■ EXERCISE REQUIREMENTS
Beginning at the line that contains "Multicolor Plakat Male" and finishing at the line that contains "Позашляховик / Кросовер", output the data below exactly. Include both end lines and no pictures.

■ DATASET
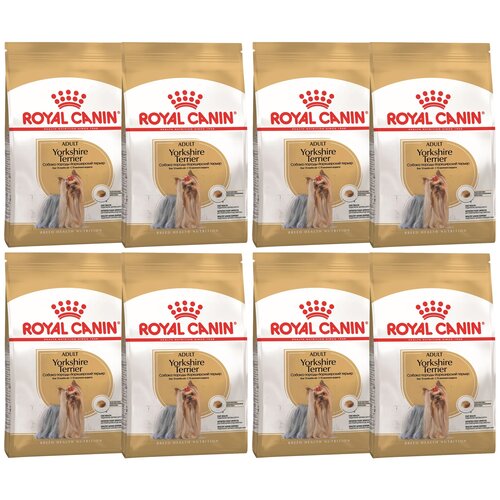 Сухой корм для собак Royal Canin породы Йоркширский терьер, для здоровья кожи и шерсти 1 уп. х 6 шт. х 1500 г фото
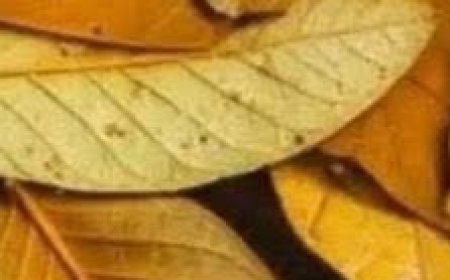 The Hidden Power of Guava Leaves for Blood Sugar Control: What Every Diabetic Should Know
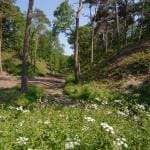 Fort Hazepoot Henk Heijligers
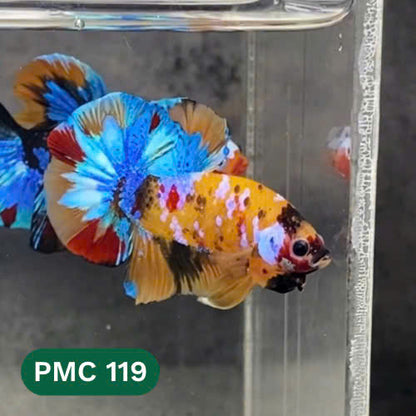 Multicolor Plakat Male Betta Fish |Show Grade|  You Pick Fish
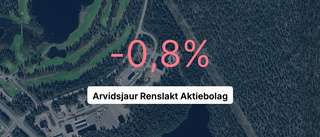 Så gick det för Arvidsjaur Renslakt AB ifjol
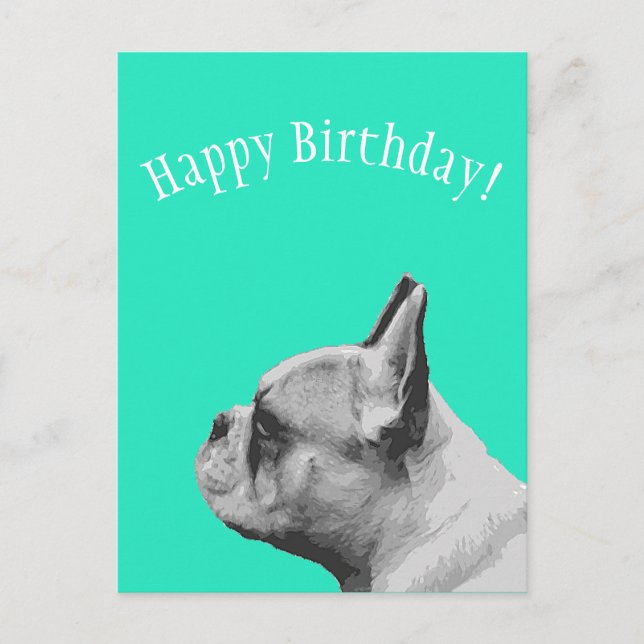Frenchie | Aqua colored Happy Birthday Postcard (Front)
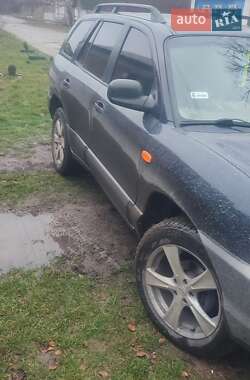 Позашляховик / Кросовер Hyundai Santa FE 2003 в Путивлі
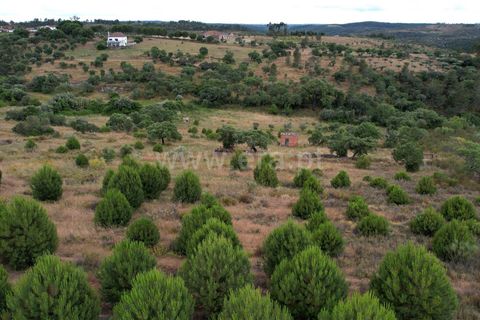 Helårsgrund i Castelo Branco, Castelo Branco, Castelo Branco - € 30.000 | Ref: 102240121 - foto 3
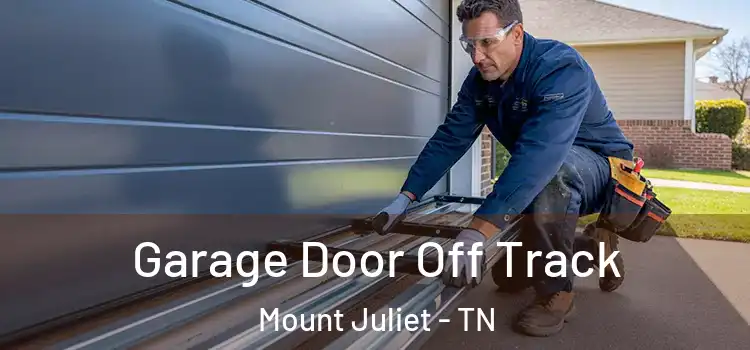  Garage Door Off Track Mount Juliet - TN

■ COMPLETED TASK
 Multicolor Plakat Male Betta Fish |Show Grade|  You Pick Fish
 Så gick det för Arvidsjaur Renslakt AB ifjol
Frenchie | Aqua colored Happy Birthday Postcard (Front)
 Позашляховик / Кросовер Hyundai Santa FE 2003 в Путивлі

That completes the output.